On the other hand, he cannot impose on the members of the prelature to change their work, any more than the Pope or the bishops can, because it is not within their competence, much less ask them to disobey the norms dictated by the Roman Pontiff or the bishops in communion with the Pope.

The motu proprio Ad charisma tuendum is not a norm that has deprived Opus Dei of any privilege it may have had. This institution of the Church continues to be a personal prelature in conformity with the norm given by John Paul II, the apostolic constitution Ut sitThe Foundation's Statutes, as well as its Statutes approved by the Holy See.

Moreover, this motu proprio emphasizes in a special way the charism received by St. Josemaría and the importance of this work of God in the Church's evangelizing mission, as Pope Francis says: "In order to safeguard the charism, my predecessor St. John Paul II, in the Apostolic Constitution Ut sitof November 28, 1982, erected the Prelature of the Opus Deientrusting him with the pastoral task of contributing in a special way to the evangelizing mission of the Church.

According to the gift of the Spirit received by St. Josemaría Escrivá, in fact, the Prelature of the Prelature of the Opus Deiunder the guidance of its Prelate, carries out the task of spreading the call to holiness in the world through the sanctification of work and family and social commitments" (introduction).
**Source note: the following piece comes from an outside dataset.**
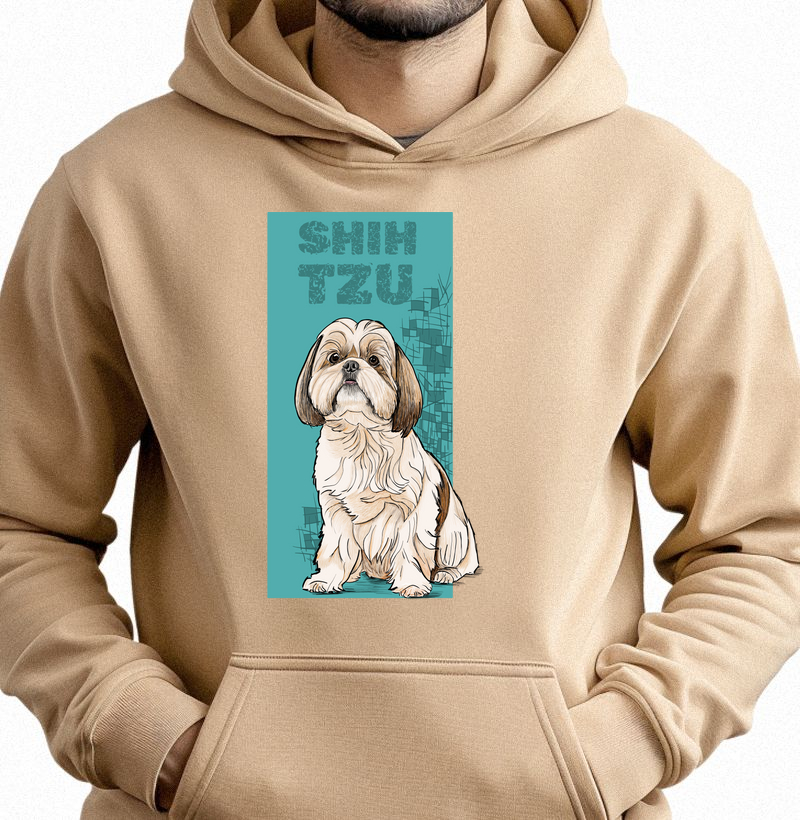 Hoodie Moletom Cachorro Shih Tzu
To this end, he stresses the importance of the clerics (priests) incardinated in this prelature with the organic cooperation of the lay faithful. The latter is of vital importance, because both clerics and laity are called to perform different functions according to their own status in the Church, therefore, the lay faithful demand the ministry of the priest, and the priesthood exists precisely to serve those faithful of the prelature, as well as all those who approach their apostolates.

The one and the other are mutually demanding, under the unity of a prelate who guides them according to the same charism and the same vocation, in the same boat of the Church.